# What the task requires:
Every line of the listing below must be printed again exactly, apart from its pictures.

# Data extract:
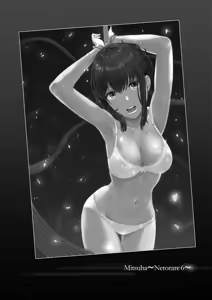 Page 139 of Mitsuha ~Netorare~ Soushuuhen Digital Kanzenban - preview thumbnail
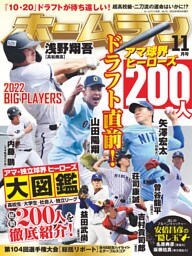 ホームラン 2022年11月号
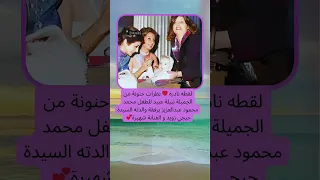 لقطه نادره نظرات حنونة من الجميلة نبيلة عبيد للطفل ترند اكسبلور معلومات فن علم النفس قصص 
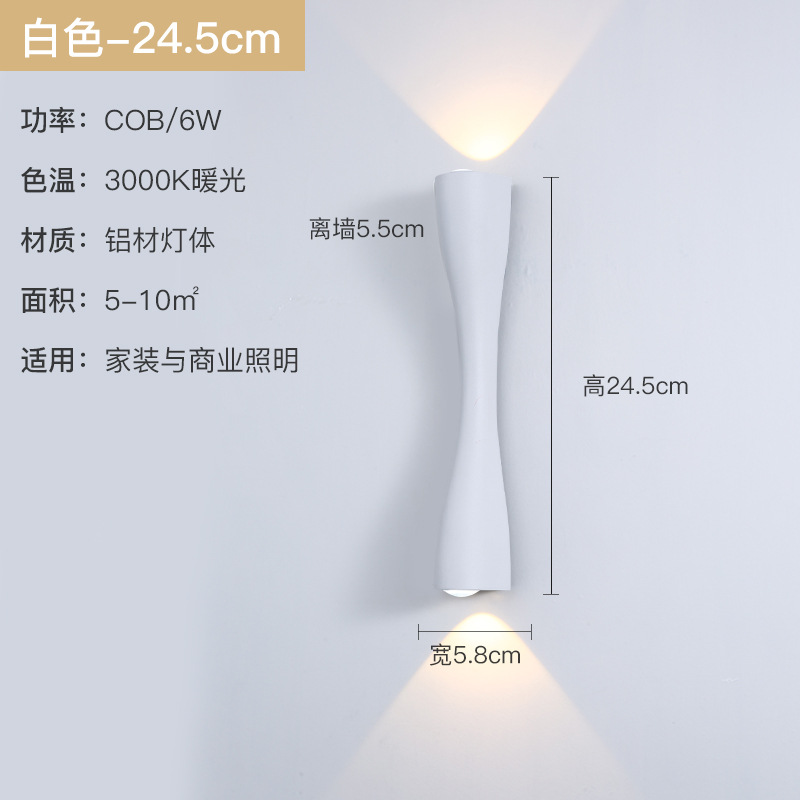 lámpara de pared dormitorio sala de estar lámpara de cabezal de cama pasillo doble cabeza TV lámpara de pared de fondo cob oro pequeña lámpara de pared de cintura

# Task solution:
 Page 139 of Mitsuha ~Netorare~ Soushuuhen Digital Kanzenban - preview thumbnail
 ホームラン 2022年11月号
 لقطه نادره نظرات حنونة من الجميلة نبيلة عبيد للطفل ترند اكسبلور معلومات فن علم النفس قصص 
 lámpara de pared dormitorio sala de estar lámpara de cabezal de cama pasillo doble cabeza TV lámpara de pared de fondo cob oro pequeña lámpara de pared de cintura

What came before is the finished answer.